Share your dilemmas and get honest opinions from other Mumsnetters.

To think that this Times article about selfish mothers is vile

352 replies

mumbot · 14/11/2009 10:11

www.timesonline.co.uk/tol/comment/columnists/janice_turner/article6916343.ece

A bitter and one sided view of motherhood. Do you agree?

OP posts:
piscesmoon · 16/11/2009 09:48

I don't think so! I post on many that never get a whole page, and dwindle out. Regardless of how many replies she got-many of them are extremely passionate-one way or the other.The article itself got many comments and we have absolutely no idea where else it is being discussed. Mumsnet isn't the only discussion board.

AvrilH · 16/11/2009 10:00

Look how many posts Liz Jones' articles prompt. It is no reflection on their quality.

If this article had been written by a man, I think there would have been nothing but contempt for him here. As it was written in the "as a mother" style, and by an MNer no less, she has been able to get away with it.

Horton · 16/11/2009 10:09

ImSoNotTelling, I agree with every word of what you say.

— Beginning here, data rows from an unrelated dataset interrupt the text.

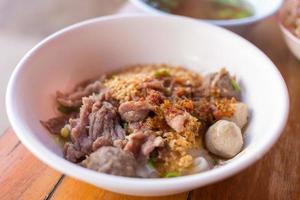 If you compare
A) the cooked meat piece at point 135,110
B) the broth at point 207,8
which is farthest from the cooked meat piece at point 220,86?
the broth at point 207,8

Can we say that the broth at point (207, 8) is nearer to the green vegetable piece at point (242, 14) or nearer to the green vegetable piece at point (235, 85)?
the green vegetable piece at point (242, 14)

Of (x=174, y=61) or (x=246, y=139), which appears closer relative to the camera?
(x=246, y=139)

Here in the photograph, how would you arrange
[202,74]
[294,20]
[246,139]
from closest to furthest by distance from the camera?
[246,139], [202,74], [294,20]

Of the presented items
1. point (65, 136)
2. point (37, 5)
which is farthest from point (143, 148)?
point (37, 5)

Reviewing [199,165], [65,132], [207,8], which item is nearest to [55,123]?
[65,132]

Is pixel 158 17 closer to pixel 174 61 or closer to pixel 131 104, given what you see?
pixel 174 61

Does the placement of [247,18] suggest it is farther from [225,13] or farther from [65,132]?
[65,132]

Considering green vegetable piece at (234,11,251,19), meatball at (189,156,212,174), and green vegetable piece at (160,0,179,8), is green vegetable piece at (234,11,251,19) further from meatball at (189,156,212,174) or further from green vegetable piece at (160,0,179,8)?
meatball at (189,156,212,174)

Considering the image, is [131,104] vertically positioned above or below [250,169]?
above

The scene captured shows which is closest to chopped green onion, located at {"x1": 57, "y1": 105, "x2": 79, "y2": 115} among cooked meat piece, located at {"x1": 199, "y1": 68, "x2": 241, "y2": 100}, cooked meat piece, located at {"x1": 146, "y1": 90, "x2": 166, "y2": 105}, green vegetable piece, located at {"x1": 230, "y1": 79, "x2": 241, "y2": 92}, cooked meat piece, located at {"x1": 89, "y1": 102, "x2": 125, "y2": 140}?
cooked meat piece, located at {"x1": 89, "y1": 102, "x2": 125, "y2": 140} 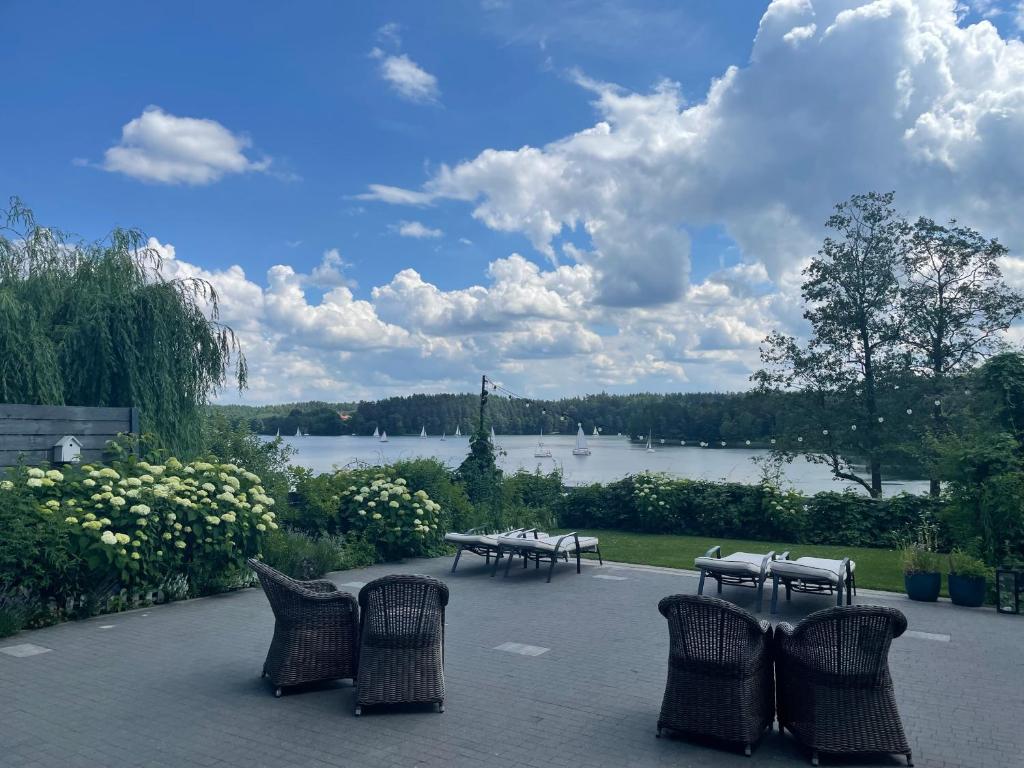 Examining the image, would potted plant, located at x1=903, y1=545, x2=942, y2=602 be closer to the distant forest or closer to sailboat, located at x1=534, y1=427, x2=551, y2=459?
the distant forest

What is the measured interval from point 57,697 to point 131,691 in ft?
1.42

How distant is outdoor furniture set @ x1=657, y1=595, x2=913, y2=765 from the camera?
4.27m

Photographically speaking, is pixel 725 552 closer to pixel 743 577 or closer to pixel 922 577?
pixel 922 577

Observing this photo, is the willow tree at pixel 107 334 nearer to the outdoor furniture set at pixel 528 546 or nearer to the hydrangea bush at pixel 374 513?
the hydrangea bush at pixel 374 513

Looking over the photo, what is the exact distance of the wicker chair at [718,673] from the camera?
4.40 m

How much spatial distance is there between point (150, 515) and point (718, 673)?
5.76m

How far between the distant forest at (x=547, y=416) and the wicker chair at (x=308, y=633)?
19.0 metres

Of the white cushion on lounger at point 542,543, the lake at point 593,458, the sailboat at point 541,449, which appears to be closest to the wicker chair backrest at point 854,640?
the white cushion on lounger at point 542,543

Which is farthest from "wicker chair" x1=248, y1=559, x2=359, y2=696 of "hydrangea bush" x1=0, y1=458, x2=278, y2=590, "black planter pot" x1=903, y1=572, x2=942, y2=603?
"black planter pot" x1=903, y1=572, x2=942, y2=603

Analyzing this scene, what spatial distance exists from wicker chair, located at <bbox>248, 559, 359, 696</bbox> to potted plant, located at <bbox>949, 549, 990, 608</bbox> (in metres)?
6.74

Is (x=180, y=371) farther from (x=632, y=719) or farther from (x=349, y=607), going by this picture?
(x=632, y=719)

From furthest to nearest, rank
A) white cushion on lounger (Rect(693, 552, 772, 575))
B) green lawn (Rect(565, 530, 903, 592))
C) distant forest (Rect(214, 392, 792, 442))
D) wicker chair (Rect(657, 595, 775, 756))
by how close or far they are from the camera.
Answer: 1. distant forest (Rect(214, 392, 792, 442))
2. green lawn (Rect(565, 530, 903, 592))
3. white cushion on lounger (Rect(693, 552, 772, 575))
4. wicker chair (Rect(657, 595, 775, 756))

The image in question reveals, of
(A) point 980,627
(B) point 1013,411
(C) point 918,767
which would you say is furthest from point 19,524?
(B) point 1013,411

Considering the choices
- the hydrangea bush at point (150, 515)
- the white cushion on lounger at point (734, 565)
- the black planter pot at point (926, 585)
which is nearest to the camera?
the hydrangea bush at point (150, 515) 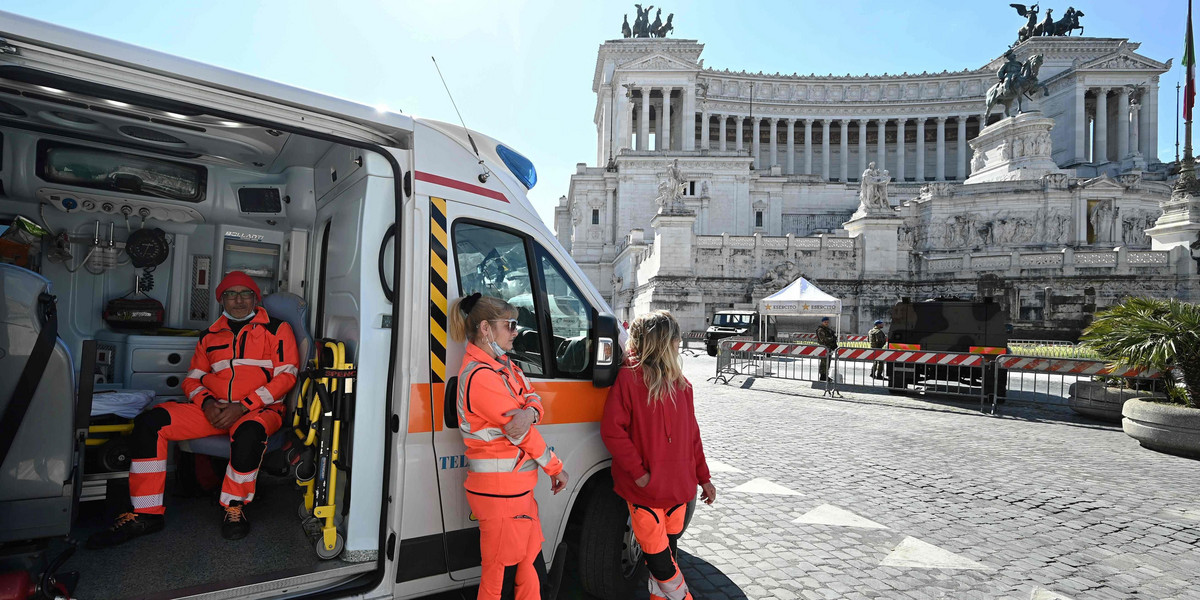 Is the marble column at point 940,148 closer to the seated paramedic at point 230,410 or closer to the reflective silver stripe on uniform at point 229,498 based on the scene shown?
the seated paramedic at point 230,410

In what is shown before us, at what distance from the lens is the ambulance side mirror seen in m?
3.50

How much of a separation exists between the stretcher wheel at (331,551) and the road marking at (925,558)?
3.66 meters

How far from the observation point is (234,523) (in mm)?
3656

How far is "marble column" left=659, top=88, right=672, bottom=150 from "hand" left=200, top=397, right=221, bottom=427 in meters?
63.0

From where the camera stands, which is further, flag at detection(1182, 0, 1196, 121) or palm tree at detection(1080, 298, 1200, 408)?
flag at detection(1182, 0, 1196, 121)

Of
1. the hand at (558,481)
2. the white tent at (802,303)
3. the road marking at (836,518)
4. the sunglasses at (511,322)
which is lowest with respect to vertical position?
the road marking at (836,518)

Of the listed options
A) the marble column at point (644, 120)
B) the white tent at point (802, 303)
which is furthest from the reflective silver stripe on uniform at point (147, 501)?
the marble column at point (644, 120)

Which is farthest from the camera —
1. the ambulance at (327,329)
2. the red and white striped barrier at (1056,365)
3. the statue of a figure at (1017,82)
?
the statue of a figure at (1017,82)

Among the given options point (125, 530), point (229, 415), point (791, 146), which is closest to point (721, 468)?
point (229, 415)

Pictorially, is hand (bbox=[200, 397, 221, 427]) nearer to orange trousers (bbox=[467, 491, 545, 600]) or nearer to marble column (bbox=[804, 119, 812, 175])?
orange trousers (bbox=[467, 491, 545, 600])

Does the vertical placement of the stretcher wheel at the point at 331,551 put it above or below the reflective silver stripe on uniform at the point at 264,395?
below

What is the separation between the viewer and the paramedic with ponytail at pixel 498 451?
9.44 feet

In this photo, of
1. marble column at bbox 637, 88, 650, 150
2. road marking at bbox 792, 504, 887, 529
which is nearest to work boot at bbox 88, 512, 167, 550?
road marking at bbox 792, 504, 887, 529

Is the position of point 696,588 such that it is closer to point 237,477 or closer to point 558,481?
point 558,481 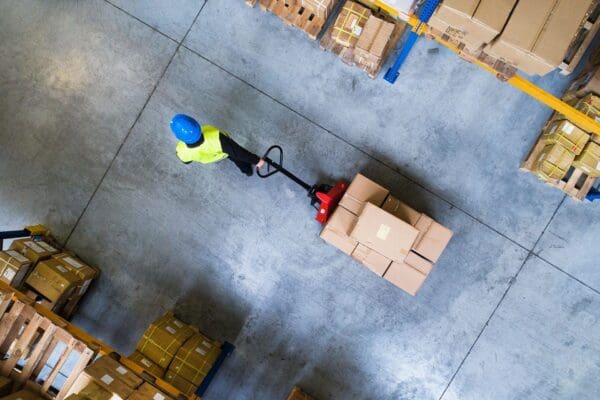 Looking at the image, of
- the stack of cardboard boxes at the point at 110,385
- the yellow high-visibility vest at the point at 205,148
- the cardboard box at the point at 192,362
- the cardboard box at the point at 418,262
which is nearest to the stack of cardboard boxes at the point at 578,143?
the cardboard box at the point at 418,262

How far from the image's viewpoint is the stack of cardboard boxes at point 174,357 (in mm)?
5145

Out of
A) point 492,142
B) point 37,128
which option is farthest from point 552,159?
point 37,128

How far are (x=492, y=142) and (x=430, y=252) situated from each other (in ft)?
5.83

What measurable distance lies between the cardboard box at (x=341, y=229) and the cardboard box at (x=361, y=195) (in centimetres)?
8

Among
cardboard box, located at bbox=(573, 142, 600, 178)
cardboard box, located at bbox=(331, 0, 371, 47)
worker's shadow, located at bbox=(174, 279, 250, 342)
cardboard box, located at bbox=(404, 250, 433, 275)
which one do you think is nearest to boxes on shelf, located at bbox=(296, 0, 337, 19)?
cardboard box, located at bbox=(331, 0, 371, 47)

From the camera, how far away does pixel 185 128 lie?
14.4ft

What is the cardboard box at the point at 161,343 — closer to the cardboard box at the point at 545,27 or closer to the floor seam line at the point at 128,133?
the floor seam line at the point at 128,133

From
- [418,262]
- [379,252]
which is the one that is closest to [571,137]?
[418,262]

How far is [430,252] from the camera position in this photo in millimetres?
5160

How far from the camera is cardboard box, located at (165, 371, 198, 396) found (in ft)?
16.8

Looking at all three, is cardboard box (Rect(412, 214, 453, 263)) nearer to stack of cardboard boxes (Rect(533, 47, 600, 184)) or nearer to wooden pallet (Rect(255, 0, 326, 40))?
stack of cardboard boxes (Rect(533, 47, 600, 184))

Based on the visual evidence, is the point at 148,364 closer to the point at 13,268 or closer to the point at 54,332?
the point at 54,332

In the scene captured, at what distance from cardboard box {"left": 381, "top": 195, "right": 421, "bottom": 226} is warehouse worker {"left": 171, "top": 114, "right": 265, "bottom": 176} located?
1.60 meters

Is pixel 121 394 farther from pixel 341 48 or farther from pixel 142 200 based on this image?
pixel 341 48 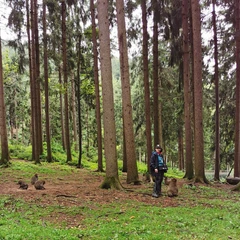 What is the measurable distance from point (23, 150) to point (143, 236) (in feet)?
61.8

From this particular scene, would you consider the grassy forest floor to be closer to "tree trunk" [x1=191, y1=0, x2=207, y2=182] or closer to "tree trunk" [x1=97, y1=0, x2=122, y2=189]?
"tree trunk" [x1=97, y1=0, x2=122, y2=189]

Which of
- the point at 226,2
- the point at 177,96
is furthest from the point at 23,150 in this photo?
the point at 226,2

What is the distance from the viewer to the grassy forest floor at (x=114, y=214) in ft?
17.1

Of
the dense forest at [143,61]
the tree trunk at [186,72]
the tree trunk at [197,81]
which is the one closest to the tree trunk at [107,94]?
the dense forest at [143,61]

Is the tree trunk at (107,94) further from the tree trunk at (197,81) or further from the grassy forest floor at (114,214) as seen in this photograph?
the tree trunk at (197,81)

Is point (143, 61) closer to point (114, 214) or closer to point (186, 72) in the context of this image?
point (186, 72)

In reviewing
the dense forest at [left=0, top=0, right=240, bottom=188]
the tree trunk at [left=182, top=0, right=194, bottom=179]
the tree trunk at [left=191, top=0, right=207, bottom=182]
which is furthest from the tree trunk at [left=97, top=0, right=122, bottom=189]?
the tree trunk at [left=182, top=0, right=194, bottom=179]

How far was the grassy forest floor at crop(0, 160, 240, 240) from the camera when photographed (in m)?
5.22

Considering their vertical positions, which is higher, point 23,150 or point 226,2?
point 226,2

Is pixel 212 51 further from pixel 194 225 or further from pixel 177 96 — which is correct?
pixel 194 225

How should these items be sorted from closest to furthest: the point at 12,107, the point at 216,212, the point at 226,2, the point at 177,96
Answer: the point at 216,212, the point at 226,2, the point at 177,96, the point at 12,107

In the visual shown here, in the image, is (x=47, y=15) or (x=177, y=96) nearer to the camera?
(x=47, y=15)

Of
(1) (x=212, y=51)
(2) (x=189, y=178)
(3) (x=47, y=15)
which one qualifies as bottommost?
(2) (x=189, y=178)

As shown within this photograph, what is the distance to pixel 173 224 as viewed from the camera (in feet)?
19.2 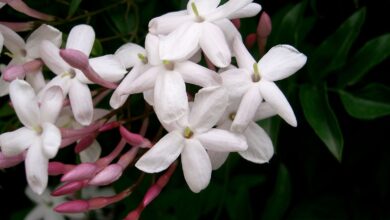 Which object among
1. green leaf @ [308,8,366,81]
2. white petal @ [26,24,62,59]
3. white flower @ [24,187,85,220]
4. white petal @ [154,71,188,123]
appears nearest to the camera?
white petal @ [154,71,188,123]

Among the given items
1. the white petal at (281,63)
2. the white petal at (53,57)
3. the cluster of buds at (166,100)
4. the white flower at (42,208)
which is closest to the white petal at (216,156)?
the cluster of buds at (166,100)

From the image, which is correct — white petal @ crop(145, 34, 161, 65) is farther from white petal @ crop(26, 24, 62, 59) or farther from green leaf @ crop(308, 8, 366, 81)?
green leaf @ crop(308, 8, 366, 81)

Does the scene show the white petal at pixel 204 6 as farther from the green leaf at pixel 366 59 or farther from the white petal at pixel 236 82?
the green leaf at pixel 366 59

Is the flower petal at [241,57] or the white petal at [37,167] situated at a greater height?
the flower petal at [241,57]

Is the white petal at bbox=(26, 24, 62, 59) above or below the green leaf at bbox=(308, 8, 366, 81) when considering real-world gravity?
above

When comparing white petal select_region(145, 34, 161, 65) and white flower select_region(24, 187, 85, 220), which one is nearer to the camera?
white petal select_region(145, 34, 161, 65)

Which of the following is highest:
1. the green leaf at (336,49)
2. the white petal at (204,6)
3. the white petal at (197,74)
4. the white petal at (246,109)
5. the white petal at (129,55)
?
the white petal at (204,6)

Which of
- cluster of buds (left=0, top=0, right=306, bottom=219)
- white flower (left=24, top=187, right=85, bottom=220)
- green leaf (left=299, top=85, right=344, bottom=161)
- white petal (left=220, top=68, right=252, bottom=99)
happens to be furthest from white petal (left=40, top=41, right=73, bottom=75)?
white flower (left=24, top=187, right=85, bottom=220)

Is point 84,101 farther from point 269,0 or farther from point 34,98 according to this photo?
point 269,0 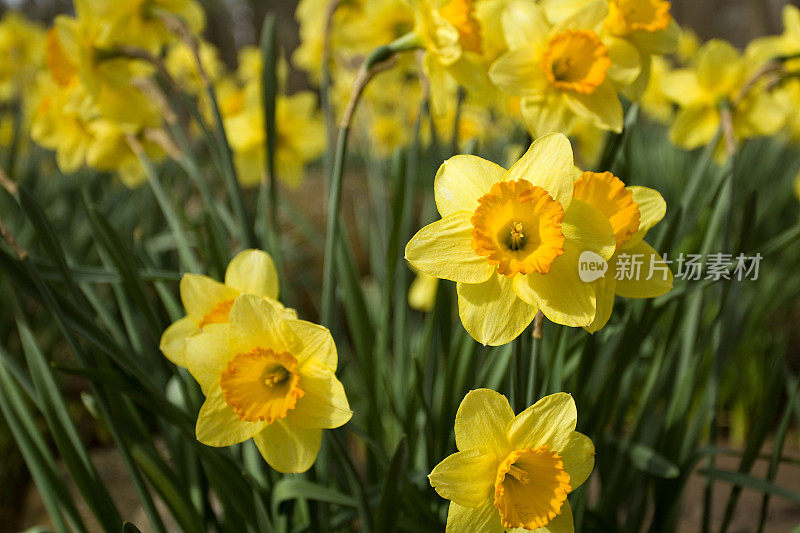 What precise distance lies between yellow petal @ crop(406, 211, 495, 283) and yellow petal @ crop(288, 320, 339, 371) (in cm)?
13

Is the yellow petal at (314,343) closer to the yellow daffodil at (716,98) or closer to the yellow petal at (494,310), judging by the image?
the yellow petal at (494,310)

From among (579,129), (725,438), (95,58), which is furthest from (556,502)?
(725,438)

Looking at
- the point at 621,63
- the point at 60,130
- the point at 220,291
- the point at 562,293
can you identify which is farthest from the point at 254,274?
the point at 60,130

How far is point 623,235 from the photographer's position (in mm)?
644

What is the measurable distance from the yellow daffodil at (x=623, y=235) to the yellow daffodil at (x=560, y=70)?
0.20 meters

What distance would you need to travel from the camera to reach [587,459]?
64 cm

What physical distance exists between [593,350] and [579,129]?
1099 millimetres

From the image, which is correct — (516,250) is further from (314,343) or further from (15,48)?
(15,48)

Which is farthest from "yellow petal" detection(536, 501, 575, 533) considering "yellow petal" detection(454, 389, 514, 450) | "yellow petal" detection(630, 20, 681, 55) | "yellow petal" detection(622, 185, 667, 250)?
"yellow petal" detection(630, 20, 681, 55)

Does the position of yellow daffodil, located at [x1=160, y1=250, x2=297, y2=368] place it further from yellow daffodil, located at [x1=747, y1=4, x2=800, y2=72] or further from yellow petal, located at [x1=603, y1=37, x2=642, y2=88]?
yellow daffodil, located at [x1=747, y1=4, x2=800, y2=72]

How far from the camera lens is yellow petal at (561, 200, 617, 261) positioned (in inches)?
24.2

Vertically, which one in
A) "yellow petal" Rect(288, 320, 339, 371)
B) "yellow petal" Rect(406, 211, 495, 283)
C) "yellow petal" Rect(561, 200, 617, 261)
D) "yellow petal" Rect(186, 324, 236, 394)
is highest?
"yellow petal" Rect(561, 200, 617, 261)

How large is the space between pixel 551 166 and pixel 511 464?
32 cm

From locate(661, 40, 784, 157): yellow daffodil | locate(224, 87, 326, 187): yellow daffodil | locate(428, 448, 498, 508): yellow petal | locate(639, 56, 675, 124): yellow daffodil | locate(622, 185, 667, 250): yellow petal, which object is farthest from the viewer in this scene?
locate(639, 56, 675, 124): yellow daffodil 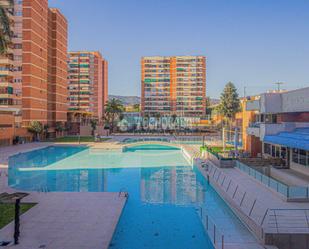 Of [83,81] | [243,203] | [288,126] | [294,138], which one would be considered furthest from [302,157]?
[83,81]

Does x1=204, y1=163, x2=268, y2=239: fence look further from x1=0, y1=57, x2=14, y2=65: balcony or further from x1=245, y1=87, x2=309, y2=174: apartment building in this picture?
x1=0, y1=57, x2=14, y2=65: balcony

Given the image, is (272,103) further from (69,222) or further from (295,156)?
(69,222)

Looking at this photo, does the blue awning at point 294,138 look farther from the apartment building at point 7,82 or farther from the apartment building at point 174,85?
the apartment building at point 174,85

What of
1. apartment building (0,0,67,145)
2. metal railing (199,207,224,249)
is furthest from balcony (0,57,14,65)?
metal railing (199,207,224,249)

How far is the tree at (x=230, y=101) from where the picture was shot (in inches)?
2414

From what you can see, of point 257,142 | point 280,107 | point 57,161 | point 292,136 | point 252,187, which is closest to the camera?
point 252,187

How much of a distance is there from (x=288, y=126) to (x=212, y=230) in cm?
1378

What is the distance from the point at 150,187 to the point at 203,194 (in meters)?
4.42

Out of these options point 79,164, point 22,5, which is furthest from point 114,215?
point 22,5

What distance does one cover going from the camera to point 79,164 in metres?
33.1

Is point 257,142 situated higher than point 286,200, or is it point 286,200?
point 257,142

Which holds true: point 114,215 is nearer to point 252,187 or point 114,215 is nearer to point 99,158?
point 252,187

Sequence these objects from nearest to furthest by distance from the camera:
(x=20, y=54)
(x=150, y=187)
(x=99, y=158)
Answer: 1. (x=150, y=187)
2. (x=99, y=158)
3. (x=20, y=54)

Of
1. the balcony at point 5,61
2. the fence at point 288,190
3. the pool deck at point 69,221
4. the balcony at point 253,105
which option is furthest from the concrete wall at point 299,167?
the balcony at point 5,61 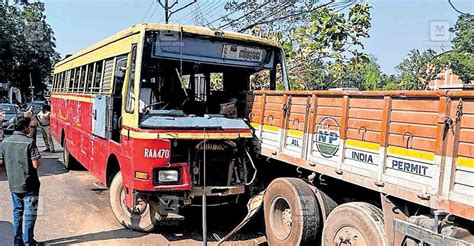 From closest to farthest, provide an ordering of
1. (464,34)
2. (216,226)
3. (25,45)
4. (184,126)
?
(184,126) < (216,226) < (25,45) < (464,34)

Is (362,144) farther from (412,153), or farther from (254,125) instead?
(254,125)

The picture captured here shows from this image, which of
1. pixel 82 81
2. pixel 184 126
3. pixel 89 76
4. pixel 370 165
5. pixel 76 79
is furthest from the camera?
pixel 76 79

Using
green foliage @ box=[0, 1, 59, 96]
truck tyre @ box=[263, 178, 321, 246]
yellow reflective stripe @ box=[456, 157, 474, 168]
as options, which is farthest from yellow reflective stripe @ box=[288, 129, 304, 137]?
green foliage @ box=[0, 1, 59, 96]

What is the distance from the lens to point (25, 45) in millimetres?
36750

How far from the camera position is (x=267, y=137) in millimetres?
5984

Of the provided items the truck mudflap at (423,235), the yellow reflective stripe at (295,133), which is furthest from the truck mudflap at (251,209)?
the truck mudflap at (423,235)

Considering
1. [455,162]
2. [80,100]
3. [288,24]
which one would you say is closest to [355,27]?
[288,24]

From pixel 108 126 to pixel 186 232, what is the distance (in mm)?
1968

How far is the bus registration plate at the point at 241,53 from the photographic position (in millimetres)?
6512

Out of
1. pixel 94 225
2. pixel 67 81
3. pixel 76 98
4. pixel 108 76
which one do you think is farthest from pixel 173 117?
pixel 67 81

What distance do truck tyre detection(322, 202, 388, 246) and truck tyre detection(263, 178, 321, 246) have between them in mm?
366

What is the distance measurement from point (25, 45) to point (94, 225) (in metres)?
34.5

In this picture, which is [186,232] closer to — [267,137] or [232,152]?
[232,152]

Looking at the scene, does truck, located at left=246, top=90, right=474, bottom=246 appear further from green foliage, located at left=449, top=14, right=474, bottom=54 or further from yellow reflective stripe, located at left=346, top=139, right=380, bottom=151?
green foliage, located at left=449, top=14, right=474, bottom=54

I'm guessing if the author hadn't felt the need to test the waters of opinion by posting here first, people might not be so keen to pick the article apart.

I wonder if one looked back at other MN posts and articles by the same woman, whether there might be some correlation?

skihorse · 16/11/2009 10:12

I can't see what the fuss is about. Seems a reasonable article to me and I totally agree with thesecondcoming.

ImSoNotTelling · 16/11/2009 11:23

Oh I see. Just seen the other thread. Where author has come on and said "well I may have written that, but i didn't mean that, I meant quite the opposite" and everyone has said "oh gosh well done you".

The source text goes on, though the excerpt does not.